# Exercise brief
The answer must repeat each line of the material exactly.

***

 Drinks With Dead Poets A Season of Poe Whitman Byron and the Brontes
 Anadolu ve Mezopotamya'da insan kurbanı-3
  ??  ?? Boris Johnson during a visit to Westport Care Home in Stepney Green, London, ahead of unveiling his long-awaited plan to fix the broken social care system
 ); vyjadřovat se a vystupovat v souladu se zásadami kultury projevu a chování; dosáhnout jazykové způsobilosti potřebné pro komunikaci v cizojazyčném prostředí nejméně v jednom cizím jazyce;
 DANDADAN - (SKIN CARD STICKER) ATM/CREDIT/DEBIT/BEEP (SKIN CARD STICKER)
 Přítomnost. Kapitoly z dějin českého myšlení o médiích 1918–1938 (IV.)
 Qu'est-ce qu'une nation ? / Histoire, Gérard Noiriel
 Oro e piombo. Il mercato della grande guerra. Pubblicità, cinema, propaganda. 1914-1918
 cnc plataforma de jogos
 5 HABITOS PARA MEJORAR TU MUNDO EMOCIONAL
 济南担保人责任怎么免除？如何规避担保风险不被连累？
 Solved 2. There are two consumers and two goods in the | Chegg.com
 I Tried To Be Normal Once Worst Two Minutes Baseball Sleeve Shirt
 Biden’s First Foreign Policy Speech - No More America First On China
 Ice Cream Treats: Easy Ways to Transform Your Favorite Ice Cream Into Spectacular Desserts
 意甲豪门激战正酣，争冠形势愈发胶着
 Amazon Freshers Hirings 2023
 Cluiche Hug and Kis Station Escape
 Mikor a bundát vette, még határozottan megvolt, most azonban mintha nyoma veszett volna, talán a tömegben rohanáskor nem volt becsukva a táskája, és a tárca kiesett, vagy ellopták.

***

# Answer section
 Drinks With Dead Poets A Season of Poe Whitman Byron and the Brontes
 Anadolu ve Mezopotamya'da insan kurbanı-3
  ??  ?? Boris Johnson during a visit to Westport Care Home in Stepney Green, London, ahead of unveiling his long-awaited plan to fix the broken social care system
 ); vyjadřovat se a vystupovat v souladu se zásadami kultury projevu a chování; dosáhnout jazykové způsobilosti potřebné pro komunikaci v cizojazyčném prostředí nejméně v jednom cizím jazyce;
 DANDADAN - (SKIN CARD STICKER) ATM/CREDIT/DEBIT/BEEP (SKIN CARD STICKER)
 Přítomnost. Kapitoly z dějin českého myšlení o médiích 1918–1938 (IV.)
 Qu'est-ce qu'une nation ? / Histoire, Gérard Noiriel
 Oro e piombo. Il mercato della grande guerra. Pubblicità, cinema, propaganda. 1914-1918
 cnc plataforma de jogos
 5 HABITOS PARA MEJORAR TU MUNDO EMOCIONAL
 济南担保人责任怎么免除？如何规避担保风险不被连累？
 Solved 2. There are two consumers and two goods in the | Chegg.com
 I Tried To Be Normal Once Worst Two Minutes Baseball Sleeve Shirt
 Biden’s First Foreign Policy Speech - No More America First On China
 Ice Cream Treats: Easy Ways to Transform Your Favorite Ice Cream Into Spectacular Desserts
 意甲豪门激战正酣，争冠形势愈发胶着
 Amazon Freshers Hirings 2023
 Cluiche Hug and Kis Station Escape
 Mikor a bundát vette, még határozottan megvolt, most azonban mintha nyoma veszett volna, talán a tömegben rohanáskor nem volt becsukva a táskája, és a tárca kiesett, vagy ellopták.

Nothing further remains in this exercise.